» **EXERCISE INSTRUCTIONS**: Every line below needs to be transcribed without alteration, and no image may be carried over.

» **GIVEN RECORDS**:
'''
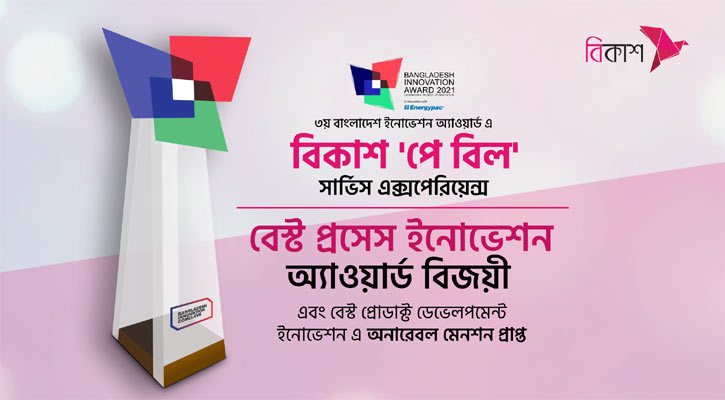 ‘বেস্ট প্রসেস ইনোভেশন’ অ্যাওয়ার্ড পেলো বিকাশের ‘পে বিল’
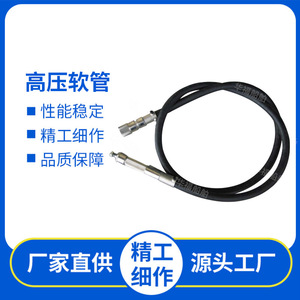 สายยางกำจัดสนิมแม็กซ์ดอร์ฟ รุ่น 591253 สำหรับยางและเหล็ก ใช้ในอุตสาหกรรม - Product Image 5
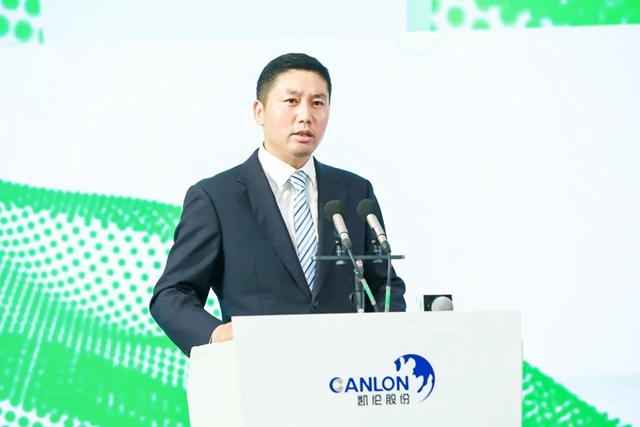 十年正青春 智啟新未來 凱倫(lun) 高分子產(chan) 業(ye) 園試產(chan) 暨開業(ye) 慶典隆重開幕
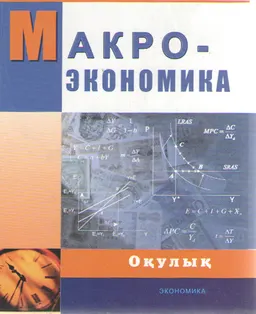 Макроэкономика : оқулық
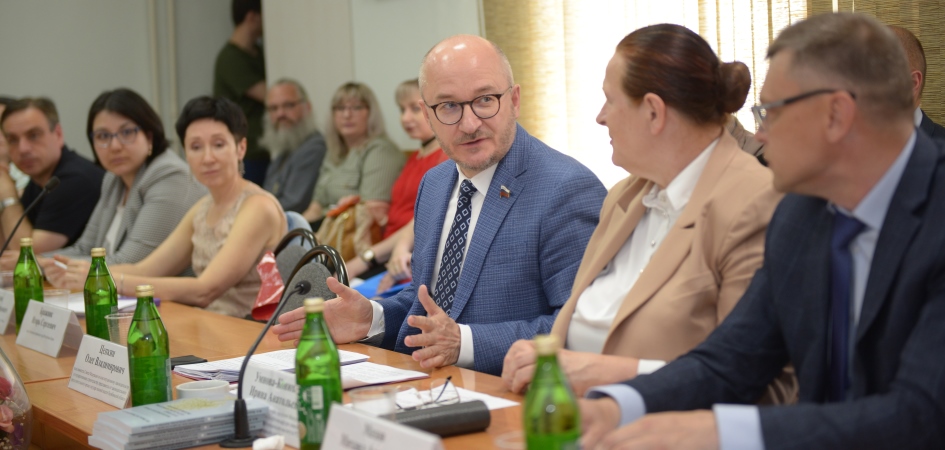 В ЧелГУ обозначили экологические приоритеты будущего права в России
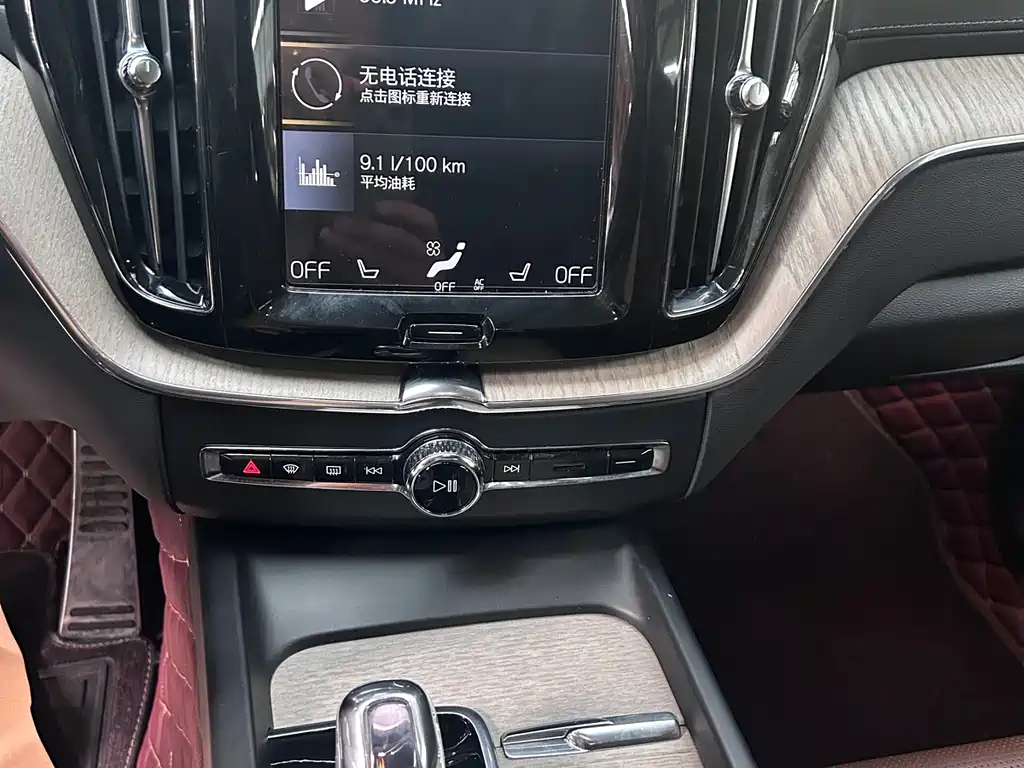 VOLVO XC60 PLUG IN HYBRID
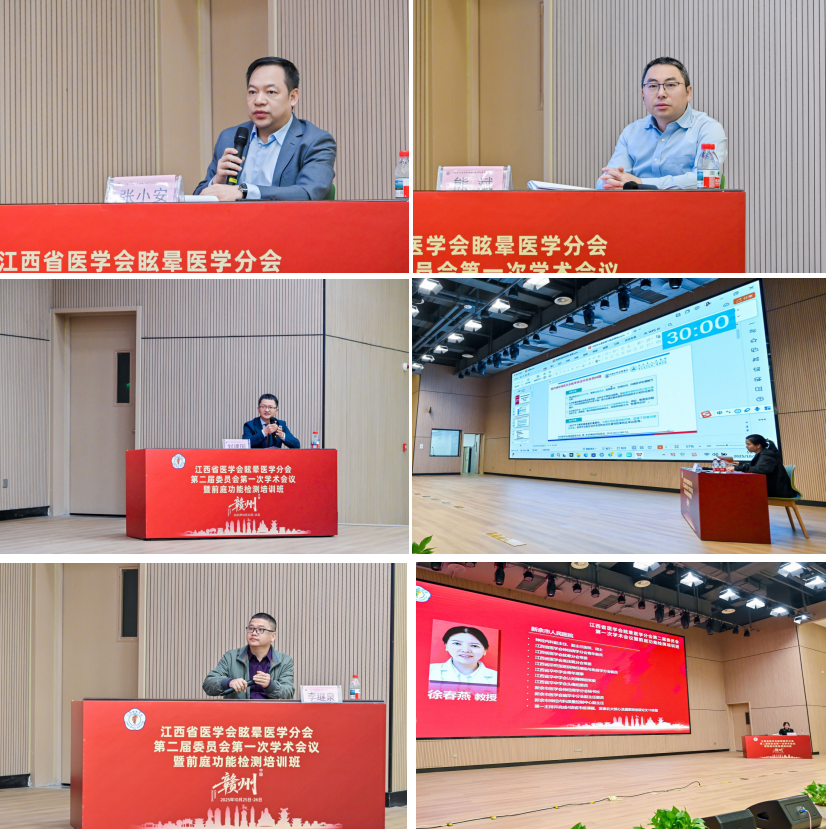 江西省医学会眩晕医学分会第二届第一次学术会议暨前庭功能检测培训班成功举办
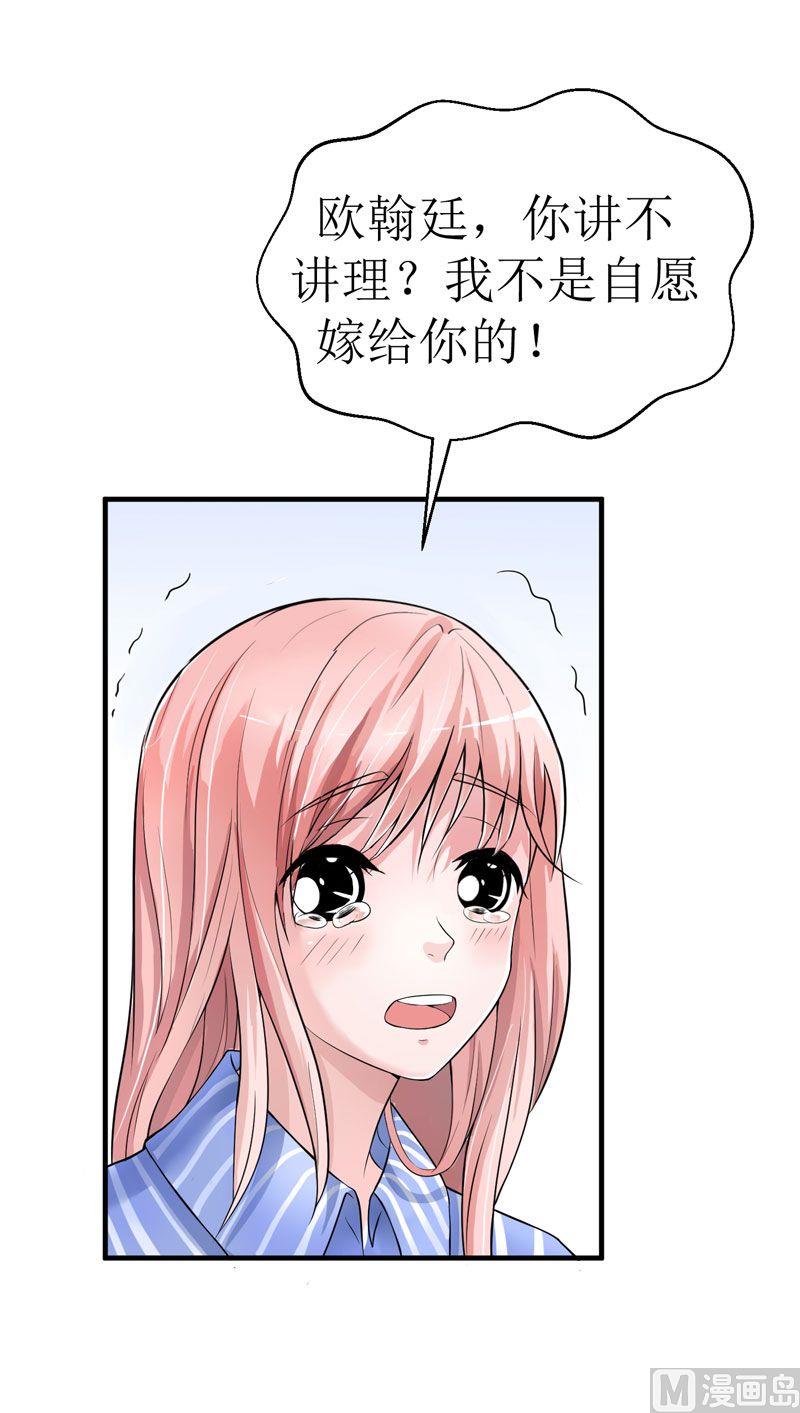《BOSS的替嫁新娘》第8话 你永远都是替代品 第15页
'''
» **EXERCISE RESULT**:
 ‘বেস্ট প্রসেস ইনোভেশন’ অ্যাওয়ার্ড পেলো বিকাশের ‘পে বিল’
 สายยางกำจัดสนิมแม็กซ์ดอร์ฟ รุ่น 591253 สำหรับยางและเหล็ก ใช้ในอุตสาหกรรม - Product Image 5
 十年正青春 智啟新未來 凱倫(lun) 高分子產(chan) 業(ye) 園試產(chan) 暨開業(ye) 慶典隆重開幕
 Макроэкономика : оқулық
 В ЧелГУ обозначили экологические приоритеты будущего права в России
 VOLVO XC60 PLUG IN HYBRID
 江西省医学会眩晕医学分会第二届第一次学术会议暨前庭功能检测培训班成功举办
《BOSS的替嫁新娘》第8话 你永远都是替代品 第15页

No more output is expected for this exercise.